フロイト的〈女性〉規定によれば,〈女性〉というものは,生誕の最初の〈性〉的な拘束(=〈同性〉である母親)から逃れようとして,異性としての男性か,男性でも女性でもない架空の対象を志向する。ここで,男性以外のものを対象として措定したとすれば,その志向対象とはどういったものなのか。先のフロイト的〈女性〉規定に基づくかたちで,吉本的に〈女性〉を定義すれば,それは,男性個体(ヘテロセクシャル)と女性個体(ホモセクシャル)という〈他者〉を排除したあとに残される対象とは〈自己幻想〉か〈共同幻想〉にほかならず,女性というのは,あらゆる排除のあとに〈性〉的なる対象を自己幻想に選ぶか,或るいは共同幻想にえらぶ存在である,としてそれを〈女性〉の本質と言う。〈巫女〉(ふじょ)にとってはあらゆる〈共同幻想〉が〈性〉行為の対象となりうる,それはつまり,彼女は共同幻想をじぶんの〈対なる幻想〉(=〈性〉的関係)の対象にできるということである。これは吉本が示した〈巫女〉の規定であった。

女性というものは,霊的なもの,スピリチュアルなものをより感じやすい性質があり,女性は胎児をその胎内に宿し産み育てるために,人々の依存心というものが集まる巫事(かんなぎごと)には,女性が適しているであろうという,という柳田国男(『妹の力』)のこの考えはもっともらしく聞こえるが,これに対して吉本は,こういった〈想像〉を捨てて巫女の成立を考えるならば,経済社会的な要因を見つけだすほかない,と言う。

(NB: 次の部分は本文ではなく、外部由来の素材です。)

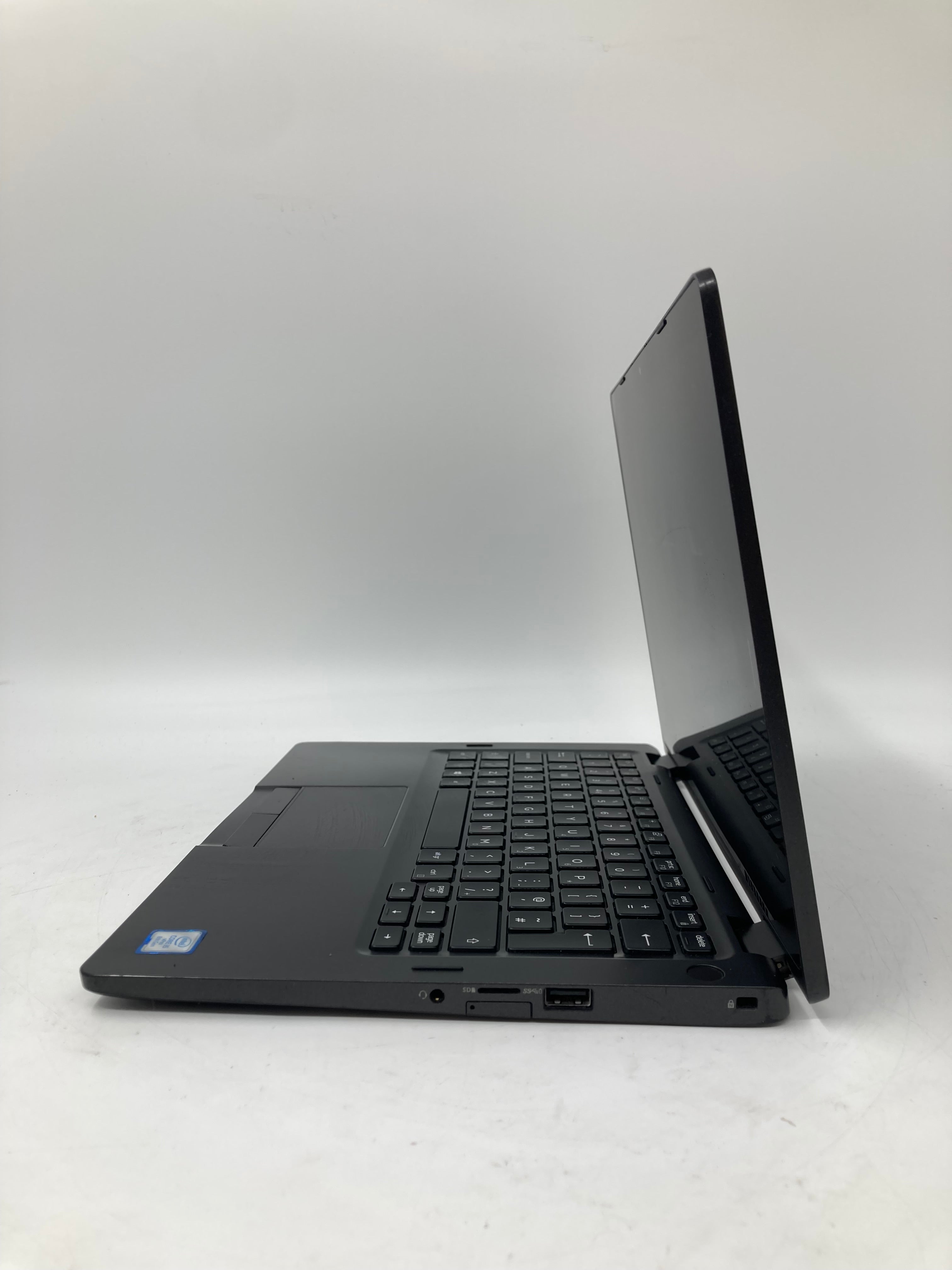 Dell Laptop Latitude 5300 2-in-1 13" i5 8th Gen 16GB RAM 256GB SSD No OS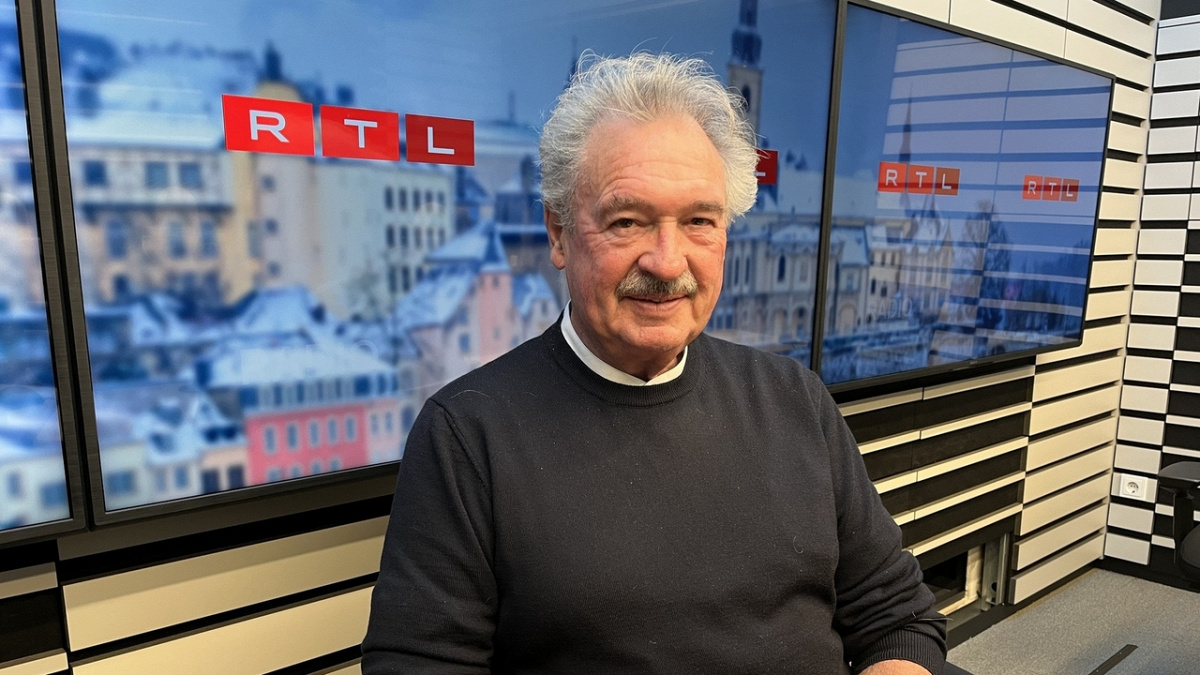 Jean Asselborn: Sou vill Kricher beieneen hätt hien a bal 20 Joer als Ausseminister net gesinn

ある共同的な幻想が成り立つには、かならず社会的な共同利害が画定されていなければならない。〈巫〉がすくなくとも共同の幻想にかかわるとすれば〈巫〉的人間が成立するには、かならず共同利害が想定されるはずである。だから〈巫〉的人間が男性であったか女性であったかということは、たんに〈巫〉を成立させる共同利害の社会的基盤が、男性を主体にする局面か、女性を主体にする局面かのちがいにすぎないのである。このような意味で〈巫女〉をかんがえれば、ただ男巫にたいして女巫だというにすぎないことになる。〈巫女〉が〈巫女〉であるべき本質はすこしもとらえられない。

『巫女論』(『共同幻想論』第四章)位置№1274

引用された〈巫女〉譚(『遠野物語拾遺』三四)において,〈蛇〉は娘を嫁に欲しい淵の主の遣いであった。このような設定はたんに〈巫女〉である老婆の創作ではなく,〈蛇〉がそういった遣いとして村に現れるというのは,村落で伝承された〈共同幻想〉である。この譚では〈蛇〉という共同幻想の象徴が,〈娘〉と「〈性〉的にむすびつけて」考えられている。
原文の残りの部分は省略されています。